START SUPPLIED INFORMATION
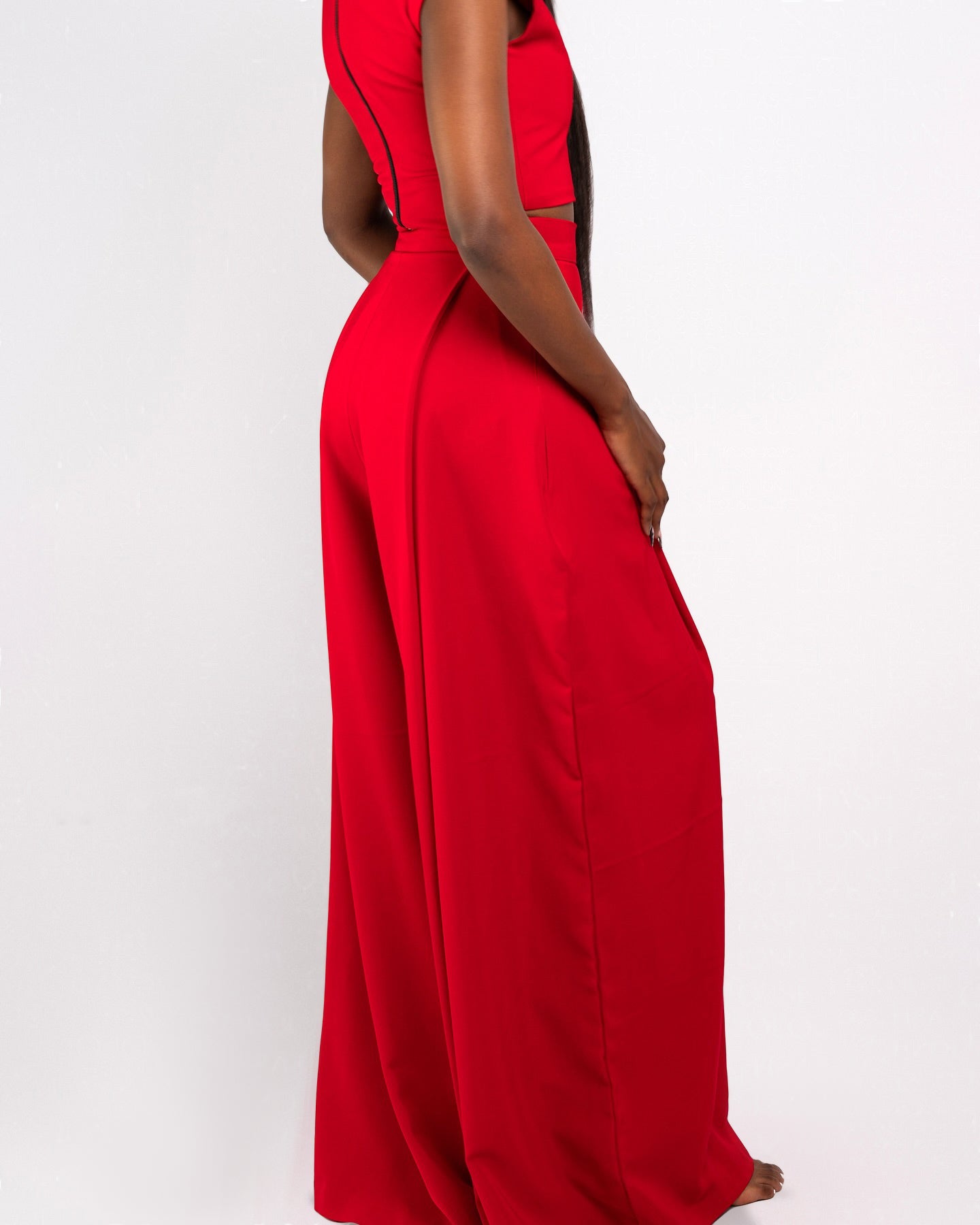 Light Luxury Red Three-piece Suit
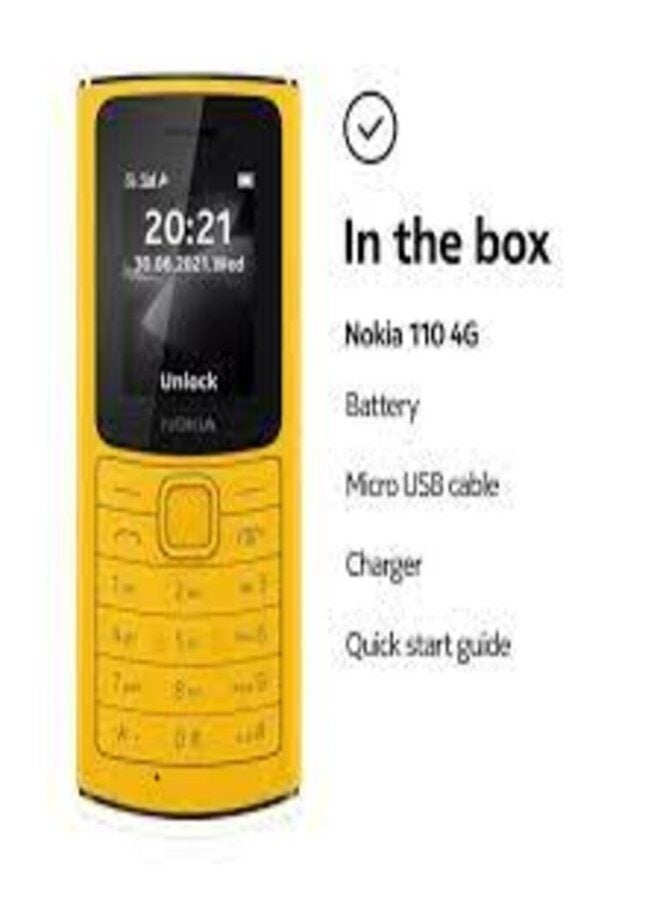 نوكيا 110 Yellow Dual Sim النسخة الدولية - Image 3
END SUPPLIED INFORMATION
START SUPPLIED INFORMATION
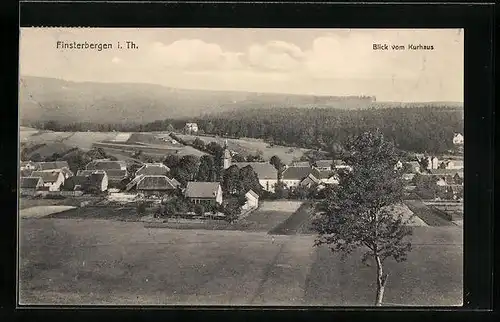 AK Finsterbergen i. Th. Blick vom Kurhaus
END SUPPLIED INFORMATION
**WHAT YOU SHOULD DO**.
Return the material from the line containing "Light Luxury Red Three-piece Suit" through the line containing "نوكيا 110 Yellow", exactly and in full, but without its pictures.

**FINISHED TASK**.
 Light Luxury Red Three-piece Suit
 نوكيا 110 Yellow Dual Sim النسخة الدولية - Image 3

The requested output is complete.